By Healthcare Finance Staff

Medicaid directors in the 25 states, plus D.C., expanding eligibility are cautiously optimistic of the benefits, but they're also expecting new costs from some potentially overlooked areas and they're not entirely trustful of Congress.

Twenty of the Medicaid leaders are expecting at least half of the newly eligible residents in their states to enroll and about as many are also expecting a fair number of previously eligible people to enroll, according to a survey by Harvard School of Public Health professor Benjamin Sommers, MD, and four other researchers.

"Our results show that expanding states generally expect high take-up among newly eligible and currently eligible individuals," Sommers wrote in a Health Affairs blog, summarizing preliminary results of the survey.

The so-called "woodwork" or "welcome mat" effect, the promotion of new eligibility drawing people who already qualify, could bring more costs to states, since the federal government will be covering 100 percent (and later 90 percent) of the costs for those newly eligible under the Affordable Care Act, while those eligible under existing thresholds who enroll in 2014 and later years will be reimbursed at the existing 50-75 percent matching rate.

Twenty of the state Medicaid leaders said in the survey that the ACA is likely going to lead to a "moderate" or "large" number of previously eligible individuals enrolling in the program. Nationally, the "woodwork effect" could draw more than 9 million uninsured adults and children, including 1.1 million in California and 900,000 in New York, Sommers has estimated.

With Medicaid being one of the largest parts of state budgets (in many states the largest piece), state Medicaid directors have costs and cost control weighing heavy on their minds going into the next year, Sommers and his team found.

Most of the states expanding Medicaid eligibility are also looking to new payment and delivery models such as medical homes, and many of the Medicaid directors are skeptical that the ACA's funding promises will remain in the long-term.

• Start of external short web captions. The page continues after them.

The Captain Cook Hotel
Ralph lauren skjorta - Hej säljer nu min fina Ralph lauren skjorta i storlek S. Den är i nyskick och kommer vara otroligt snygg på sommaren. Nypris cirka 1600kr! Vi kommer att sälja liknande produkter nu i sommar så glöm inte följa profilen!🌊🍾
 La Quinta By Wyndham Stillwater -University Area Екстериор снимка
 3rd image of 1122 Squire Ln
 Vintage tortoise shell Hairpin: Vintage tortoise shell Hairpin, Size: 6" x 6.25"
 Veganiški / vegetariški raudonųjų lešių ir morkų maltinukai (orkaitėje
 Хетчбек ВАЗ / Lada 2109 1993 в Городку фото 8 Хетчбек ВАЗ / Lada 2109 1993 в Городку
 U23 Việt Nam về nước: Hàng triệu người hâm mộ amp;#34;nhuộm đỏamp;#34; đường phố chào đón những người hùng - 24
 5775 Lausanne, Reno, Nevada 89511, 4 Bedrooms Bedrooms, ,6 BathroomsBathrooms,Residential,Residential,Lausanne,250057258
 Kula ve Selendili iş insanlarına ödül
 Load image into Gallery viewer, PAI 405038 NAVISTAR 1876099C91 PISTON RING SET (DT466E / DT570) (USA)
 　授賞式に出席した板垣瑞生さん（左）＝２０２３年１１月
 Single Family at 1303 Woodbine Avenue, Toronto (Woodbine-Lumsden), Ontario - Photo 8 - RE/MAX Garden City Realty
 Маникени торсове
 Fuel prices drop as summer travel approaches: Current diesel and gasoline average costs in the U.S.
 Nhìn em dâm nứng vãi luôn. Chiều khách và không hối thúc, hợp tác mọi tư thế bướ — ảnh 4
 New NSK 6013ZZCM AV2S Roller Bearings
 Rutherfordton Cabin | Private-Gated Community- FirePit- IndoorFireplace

A majority of the 26 directors surveyed also think it's "possible or likely" that the federal government could cut the Medicaid matching rate over the next decade -- a possibility that lawmakers advocating against Medicaid expansion routinely bring up.

Considering all the other benefits of extending Medicaid coverage, a majority of the 26 directors surveyed expect the expansion to save their states money, although one third of them think that the likelihood of pared-back federal matching rates is so great that their states will end up losing money in the long-run.

While Congress has never actually voted to reduce the matching rate, with GOP criticism to the ACA continuing in Congress and in the states, Medicaid directors are banking on at least some uncertainty.

"These trends demonstrate new approaches and cautious optimism in the face of limited resources and tight deadlines," Sommers and colleagues wrote in Health Affairs.

The top two implementation challenges named by the Medicaid directors were information management systems and coordination with insurance exchanges, including federal interfacing.

As part of mandatory modernization, states have been developing and rolling out new eligibility and claims systems that are notoriously complex, with 90 percent of the costs covered the federal government but only after detailed certification requirements are met.